O gesto não foi consentido, como Hermoso fez questão de sublinhar no seu testemunho: "Senti que estava totalmente fora de contexto e sabia que o meu patrão me estava a beijar. E isto não deve acontecer em qualquer ambiente social ou de trabalho." Esta declaração foi fundamental para desmontar a narrativa inicialmente promovida pela Federação Espanhola, que tentou minimizar o incidente, alegando tratar-se de um "gesto mútuo totalmente espontâneo". Hermoso, no entanto, foi clara: nunca aprovou tal declaração.

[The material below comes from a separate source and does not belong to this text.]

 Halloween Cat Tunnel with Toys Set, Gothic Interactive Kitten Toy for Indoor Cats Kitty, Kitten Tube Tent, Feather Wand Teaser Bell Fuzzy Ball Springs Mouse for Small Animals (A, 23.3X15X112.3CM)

O impacto do beijo forçado foi devastador para a jogadora. Hermoso revelou ter sofrido ameaças de morte e sentir-se insegura em espaços públicos. Além disso, relatou pressões para gravar um vídeo em que desmentisse o caráter forçado do beijo e até ameaças veladas envolvendo a sua família. "Tinha medo de sair à rua, caso alguém estivesse a perseguir-me", confessou. A sua recusa em ceder a estas pressões teve consequências diretas na sua carreira, incluindo a sua exclusão da seleção nacional pouco tempo depois do incidente.

Foto: Getty Images

O caso chegou aos tribunais, com Rubiales a enfrentar acusações que podem resultar numa pena de até dois anos e meio de prisão. Outros três homens, incluindo Jorge Vilda, ex-treinador da seleção, são acusados de coerção, podendo enfrentar até 18 meses de prisão. No tribunal, Hermoso foi questionada sobre se se sentiu violada pelo ato. A resposta foi contundente: "Senti-me desrespeitada."

Este episódio lançou um olhar crítico sobre a cultura institucional do futebol espanhol, marcada por uma resistência histórica a mudanças estruturais no que diz respeito à igualdade de género. Em 2022, 15 jogadoras protestaram contra as condições na seleção, denunciando métodos de treino ultrapassados e comportamentos controladores por parte da equipa técnica. O apoio da federação a figuras como Rubiales e Vilda revela um padrão de comportamento que vai além de um incidente isolado.

O testemunho de Hermoso não é apenas sobre um beijo não consentido; é sobre o abuso de poder, a cultura do silêncio e o impacto devastador que tais comportamentos podem ter na vida de uma pessoa.